La nouvelle du retour de Fidel Castro à la vie publique après quatre ans d’absence a éveillé des fantasmes et des inquiétudes, en particulier parce que sa réapparition inattendue survient juste au moment où l’on attend le plus désespérément les réformes de son frère Raoul, à qui il avait confié toutes ses fonctions depuis juillet 2006.

Le retour des célébrités a tendance à se répéter fréquemment, aussi bien dans la vie réelle que dans la fiction, qu’il s’agisse de Don Quichotte ou de Casanova, de King Kong, d’Elvis Presley ou de Juan Domingo Perón. Mais la désillusion de ceux qui constatent que toutes ces choses qui s’en vont, à l’instar des hirondelles de Becker, ne reviendront pas, ou du moins pas telles qu’on se les rappelait, est récurrente elle aussi. Fidel Castro n’a pas échappé à ce côté terne qu’ont les remakes, à cette dose de désespoir que l’on perçoit chez ceux qui insistent pour revenir.

Ce vieil homme balbutiant aux mains tremblantes n’a rien à voir avec le robuste militaire au profil grec qui, depuis une place où un million de voix reprenait en chœur son nom, proclamait des lois qui n’avaient été discutées avec personne, graciait, annonçait des exécutions ou prêchait le droit des révolutionnaires à faire la révolution.
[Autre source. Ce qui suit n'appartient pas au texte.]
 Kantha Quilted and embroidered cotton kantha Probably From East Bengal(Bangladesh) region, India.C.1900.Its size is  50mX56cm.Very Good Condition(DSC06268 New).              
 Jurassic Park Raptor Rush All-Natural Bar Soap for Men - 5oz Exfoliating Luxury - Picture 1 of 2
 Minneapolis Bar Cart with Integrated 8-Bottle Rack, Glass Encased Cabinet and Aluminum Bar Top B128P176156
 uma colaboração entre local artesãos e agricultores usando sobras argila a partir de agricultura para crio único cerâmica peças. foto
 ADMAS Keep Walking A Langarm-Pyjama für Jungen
Il n’est que l’ombre de l’homme qui, durant des heures, occupait les plateaux de télévision et tenait en haleine tout un peuple de l’autre côté de l’écran.

Le grand improvisateur du passé se réunit aujourd’hui avec un auditoire de jeunes dans la petite salle d’un théâtre où il lit un résumé de ses dernières réflexions -déjà publiées dans la presse- et, au lieu d’instiller la peur qui faisait trembler les plus courageux, il provoque, dans le meilleur des cas, une tendre compassion. Une jeune journaliste lui pose une question complaisante et lui fait part en public de son désir : “Laissez-moi vous embrasser”. Qu’est devenu cet abîme qu’aucune audace n’osait franchir ?
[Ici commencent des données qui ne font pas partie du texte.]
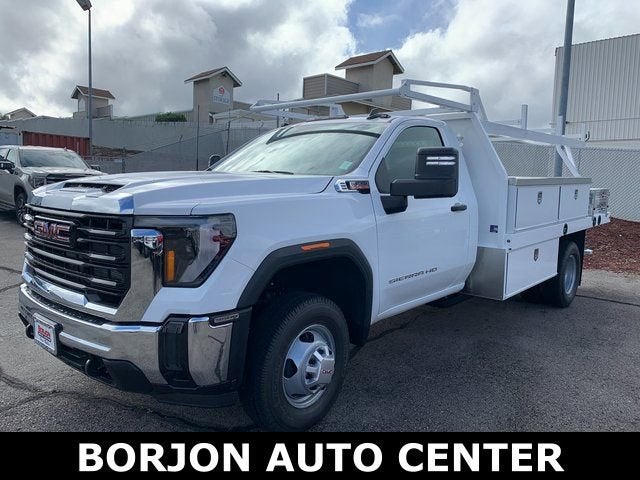 2026 GMC Sierra 3500 HD Chassis Cab Pro in Summit White — front three-quarter view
Une preuve significative du fait que le retour de Fidel Castro devant les micros n’est pas bien vu est que même son propre frère n’a pas voulu se faire l’écho, dans son dernier discours devant le parlement, des sombres prédictions lancées par Fidel sur le caractère inévitable d’un prochain conflit militaire dont la scène peut être la Corée du Nord ou l’Iran et dont le dénouement fatal sera -selon ses présages- la conflagration nucléaire. De nombreux observateurs signalent le fait que le Leader Maximo daigne à peine regarder les innombrables problèmes de son pays, se limitant à voir la paille dans l’œil du voisin, que ce soient les problèmes climatiques de la planète, l’épuisement du capitalisme en tant que système ou les récentes prédictions de guerre. D’autres croient voir dans son apparente indifférence pour les événements cubains, des signes voilés de mécontentement. Si César n’applaudit pas, c’est que quelque chose va mal, même s’il ne censure pas. Il semble inconcevable qu’il ne soit pas au courant de l’appétit de changement qui dévore aujourd’hui la classe politique cubaine, et il serait trop naïf de croire qu’il leur donnerait son aval. Après tant d’années à l’affût de ses gestes de la main, de la manière dont il fronce les soucils ou du rictus de ses oreilles, les fidelologues pensent qu’il est maintenant imprévisible et craignent que le pire survienne s’il lui prenait l’envie de déblatérer contre les réformistes face aux caméras de télévision.

C’est peut-être pour cela que l’impatiente meute des nouveaux loups ne veut pas éveiller la colère du vieux commandant, proche de son 84ème anniversaire. Ceux qui, depuis les sphères du pouvoir, prétendent introduire des changements plus radicaux, attendent tapis sa rechute prochaine. Pendant ce temps, ceux qui se soucient sincèrement de la survivance du processus s’alarment face au danger que représente l’évident déclin du mythe qui a personnifié pendant cinquante ans la révolution cubaine. “Pourquoi ne reste-t-il pas tranquillement à la maison en nous laissant travailler ?”, pensent certains sans même oser le marmonner.

Nous avions commencé à penser à lui comme à un élément qui appartient au passé, ce qui était presque une manière noble de l’oublier ; de nombreuses personnes se préparaient à lui pardonner ses erreurs et ses échecs pour le placer sur quelque piédestal cendré de l’histoire du XXème siècle, où son portrait -effectué durant le dernier de ses meilleurs moments- apparaissait déjà au côté de ceux des illustres morts. Tout à coup, il est revenu exhiber impudiquement ses problèmes de santé et annoncer la fin du monde, comme s’il voulait nous convaincre que la vie après lui n’aura aucun sens.

Ces dernières semaines, celui que l’on a jadis appelé le Numéro Un, le Leader Maximo, le Cheval, ou simplement désigné par le simple pronom personnel Il, s’est présenté à nous dépouillé de feu son charisme époustouflant, pour nous confirmer que ce Fidel Castro, malgré sa réapparition aux informations, ne reviendra -heureusement- plus.